Columnist finds new appreciation for dedication, sportsmanship required of Special Olympics athletes

From high school to the pros, motivation is an issue dealt with by all coaches and athletes. I, too, am flawed in this field, because many times while playing football or running track I fail to run my hardest or give it my all. As I walked to the Jones Middle School stadium, I expected a bunch of athletes socializing and having fun. I was stunned when I saw the enthusiasm and excitement coming from these Special Olympians. Instead of whining about having to practice in the scorching heat, like many would have, these athletes showed only signs of joy as they motivated one another to get the practice started. As I watched them warm-up, I realized that the motivation and companionship these athletes shared is rarely seen in any team.
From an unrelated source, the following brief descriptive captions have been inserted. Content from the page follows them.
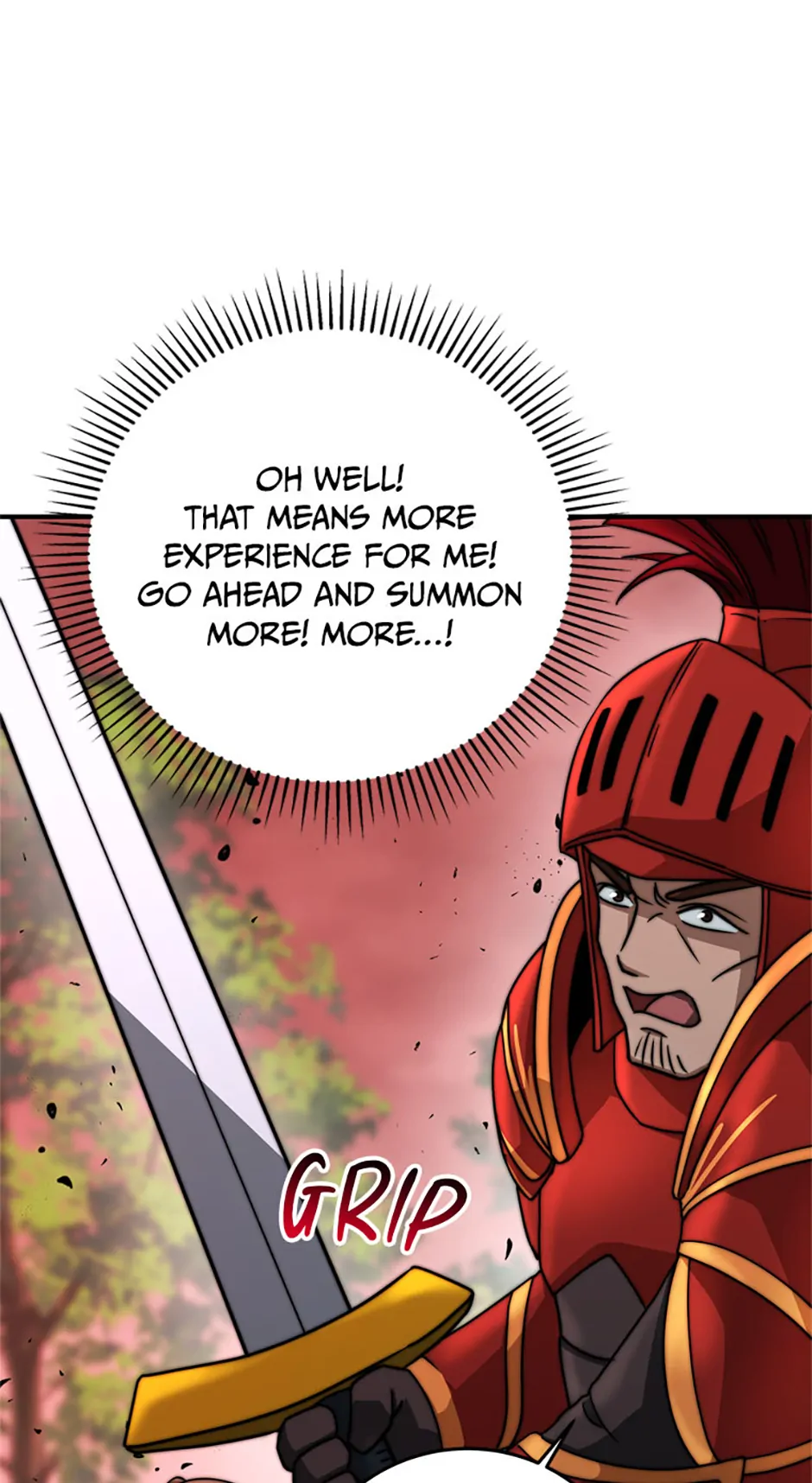 Putting My Life on the Line, I Go All-in on Luck Enhancement Chapter 25 page 55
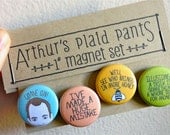 Arrested development magnet, Gob Bluth, Gob Bluth magnet set, I've made a huge mistake, handmade 1" magnets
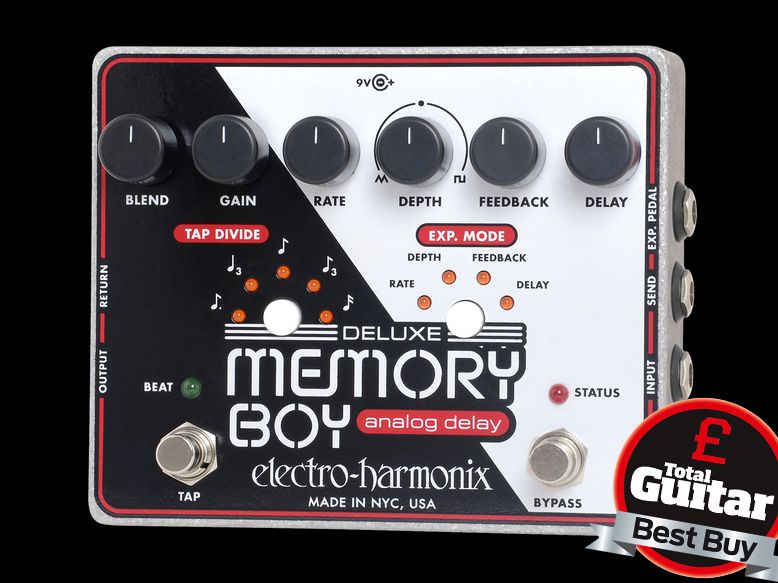 Electro-Harmonix Deluxe Memory Boy review | MusicRadar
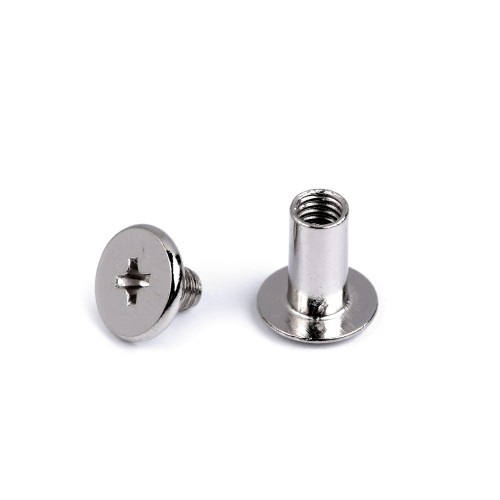 Sedlársky nit skrutkovací Ø 10 mm (12,5 mm) nikel Sedlársky nit skrutkovací Ø 10 mm (12,5 mm) nikel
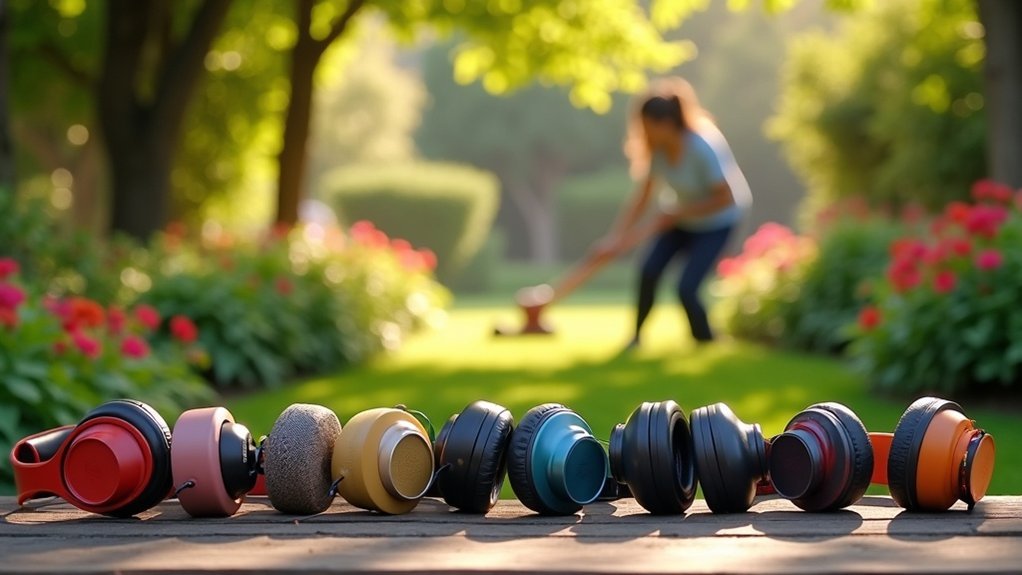 enjoyable landscaping headphone choices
Such an inspiring mentality was exemplified by senior Josh Valentino. I watched as Valentino greeted each player and volunteer with passion, giving each individual a handshake, a hug, and sometimes even a chest bump. Constantly encouraging his teammates, Valentino’s intensity did not falter for a second. This kind of passion is something even I strive for.

As all 31 athletes poured in, head coordinator of the Special Olympics Mike Borders took control and informed the athletes of what each individual would work on. With little resistance, Borders quickly had all the athletes ready after their warm-up laps. He then divided the athletes and volunteers into different activities, including running the 100-meter dash, performing the long jump, tossing a softball, or throwing a bocce ball.

Valentino and his group were first assigned to run the 100-meter sprint. As the group gathered around the starting line they smiled and laughed with each other as if they were casually hanging out. In over 10 years of playing organized sports, I have never been excited to run and I had never imagined any other athlete being motivated to do so, either. I was quickly proven wrong as Valentino and his teammates ran hard through the line. Without having coach Borders yelling and screaming, the athletes were giving it their full effort the entire time.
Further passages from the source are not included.